Commissioners voted 6-0 to close a disposal well between Greenbrier and Enola in the Fayetteville Shale, an area rich in natural gas that stretches across the state. The commission also voted 7-0 to issue a moratorium on new disposal wells in a 1,150-square-mile segment of the shale in central Arkansas north of Conway, the Arkansas Democrat-Gazette reported.

Three other disposal wells in that area have already been closed by their operators.

The moratorium would not affect the drilling of natural gas wells, but it changes how fluids from the process are disposed.

Gas companies have tapped reserves of natural gas in the Fayetteville Shale by injecting water and chemicals under high pressure to fracture the shale, a process known as fracking. The fluids that emerge in the process have the potential to taint rivers and drinking water.

Separate disposal wells are used by drillers to dump the fluids.

With a moratorium, companies would have to truck the fluids to injection wells elsewhere in Arkansas or in Oklahoma or Texas, Commission Deputy Director Shane Khoury told The Associated Press after Wednesday's vote. About 730 disposal wells are active in the state, he said.

The commission pinpointed four wells in central Arkansas that it said needed to be closed to prevent earthquakes. Those wells are near a fault system that has spawned dozens of earthquakes this year. A magnitude-4.7 earthquake in February near Greenbrier was the most powerful to hit the state in 35 years.

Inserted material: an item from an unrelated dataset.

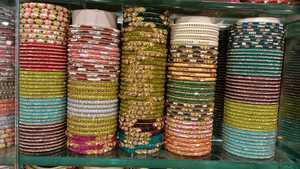 Antique Kundan Bangles Travail de la pierre artisanale Latkan Bijoux pour vêtements traditionnels et modernes - Product Image 2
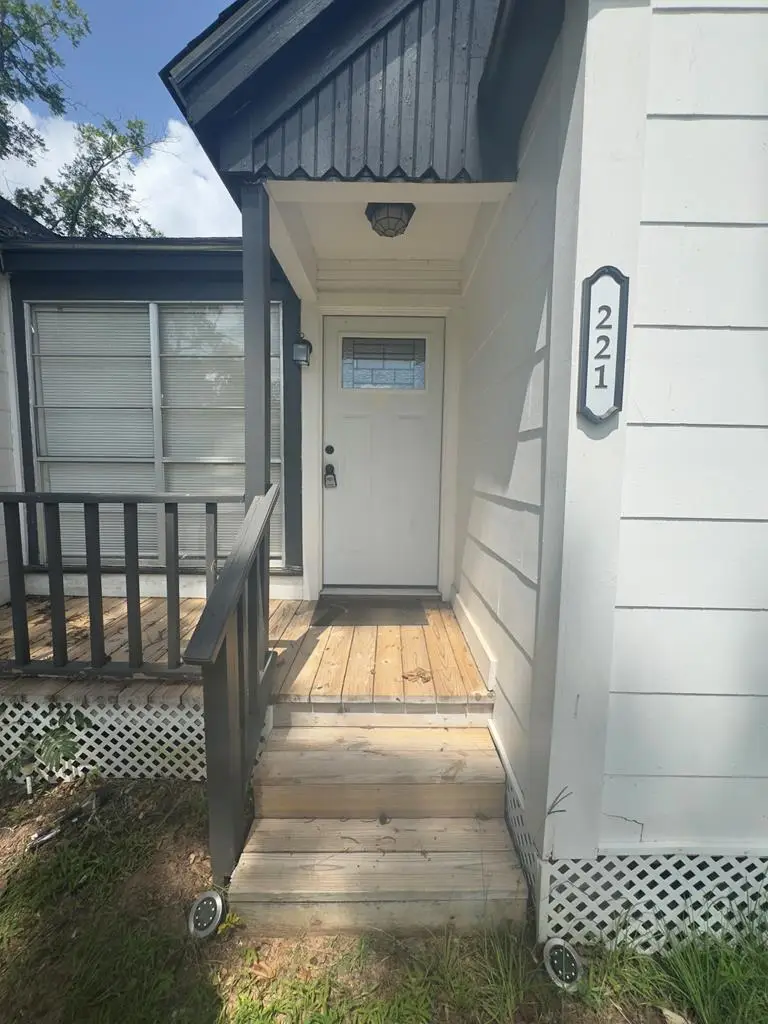 221 N Sanders St, Nacogdoches, TX 75964 - #3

After two of the four stopped operating in March, there was a sharp decline in the number of earthquakes. In the 18 days before the shutdown, there were 85 quakes with a magnitude 2.5 or greater, but there were only 20 in the 18 days following the shutdown, according to the state Geological Survey.

The fault system was discovered after the state allowed operators to drill the four wells, Khoury said.

"Bottom line is had we known that the fault system existed ... we would never have permitted the well in the first place," Khoury said.

The last well still operating belonged to Deep-Six Water Disposal Services, a subsidiary of Oklahoma City-based Hurst Oil Investments Inc. Deep-Six contended its well did not have an effect on seismic activity nearby.

A company representative declined comment Wednesday. But an expert who testified at the commission's hearing said tiny earthquakes near the well did not have a proven link to the well, the Democrat-Gazette reported.

Haydar al-Shukri, director of the Arkansas Earthquake Center at the University of Arkansas-Little Rock, testified Wednesday that his testing recorded nearly 10,000 small seismic events near the Deep-Six well. Most were too small for humans to notice.

Only 280 of those seismic events happened within three miles of the well, a sign that the well wasn't the cause of most of them, al-Shukri said.

But Commissioner Mike Davis said the commission had to act to close the well after hearing two days of testimony.

"Our first and foremost obligation is to the safety of the citizens of the state of Arkansas," Davis said, according to the Democrat-Gazette.

Commission director Lawrence Bengal said the Deep-Six well was within the "geologic fabric" of the region and could contribute to earthquakes near Guy and Greenbrier even if the well was several miles from the fault.

Khoury told the AP the well would likely close within three to five business days.